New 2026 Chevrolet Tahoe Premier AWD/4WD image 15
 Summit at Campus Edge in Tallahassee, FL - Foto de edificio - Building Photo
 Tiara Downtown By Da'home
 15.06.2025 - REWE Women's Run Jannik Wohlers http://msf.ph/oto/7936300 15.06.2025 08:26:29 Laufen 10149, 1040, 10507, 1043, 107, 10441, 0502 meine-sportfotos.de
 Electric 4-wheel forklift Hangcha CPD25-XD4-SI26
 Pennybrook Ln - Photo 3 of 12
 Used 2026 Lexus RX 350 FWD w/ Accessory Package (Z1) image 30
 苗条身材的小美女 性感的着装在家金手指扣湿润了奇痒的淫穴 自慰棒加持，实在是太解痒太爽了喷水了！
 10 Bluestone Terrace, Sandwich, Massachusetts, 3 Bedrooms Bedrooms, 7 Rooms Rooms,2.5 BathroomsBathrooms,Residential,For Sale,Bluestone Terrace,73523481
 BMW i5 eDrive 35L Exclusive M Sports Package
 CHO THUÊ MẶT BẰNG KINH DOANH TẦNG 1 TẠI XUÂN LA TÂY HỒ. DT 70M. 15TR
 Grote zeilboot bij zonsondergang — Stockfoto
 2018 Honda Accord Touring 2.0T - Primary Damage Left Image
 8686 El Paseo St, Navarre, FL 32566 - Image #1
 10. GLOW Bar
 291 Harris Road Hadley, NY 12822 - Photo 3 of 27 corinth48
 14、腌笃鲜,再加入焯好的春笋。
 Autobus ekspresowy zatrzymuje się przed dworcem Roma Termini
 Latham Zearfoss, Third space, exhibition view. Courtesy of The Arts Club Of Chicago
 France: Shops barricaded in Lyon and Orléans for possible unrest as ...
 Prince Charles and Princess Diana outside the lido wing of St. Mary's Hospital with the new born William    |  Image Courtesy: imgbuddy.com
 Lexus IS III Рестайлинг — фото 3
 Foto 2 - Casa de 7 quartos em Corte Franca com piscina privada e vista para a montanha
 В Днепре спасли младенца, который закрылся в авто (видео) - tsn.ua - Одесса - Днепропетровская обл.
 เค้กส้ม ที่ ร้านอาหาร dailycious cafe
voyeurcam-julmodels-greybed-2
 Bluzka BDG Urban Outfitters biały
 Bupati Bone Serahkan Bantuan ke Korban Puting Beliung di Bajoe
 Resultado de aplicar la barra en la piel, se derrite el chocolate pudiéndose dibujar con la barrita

□ □ □

Try it
Please report every line of the records above that contains the word "Courtesy".

Answer box
 Latham Zearfoss, Third space, exhibition view. Courtesy of The Arts Club Of Chicago
 Prince Charles and Princess Diana outside the lido wing of St. Mary's Hospital with the new born William    |  Image Courtesy: imgbuddy.com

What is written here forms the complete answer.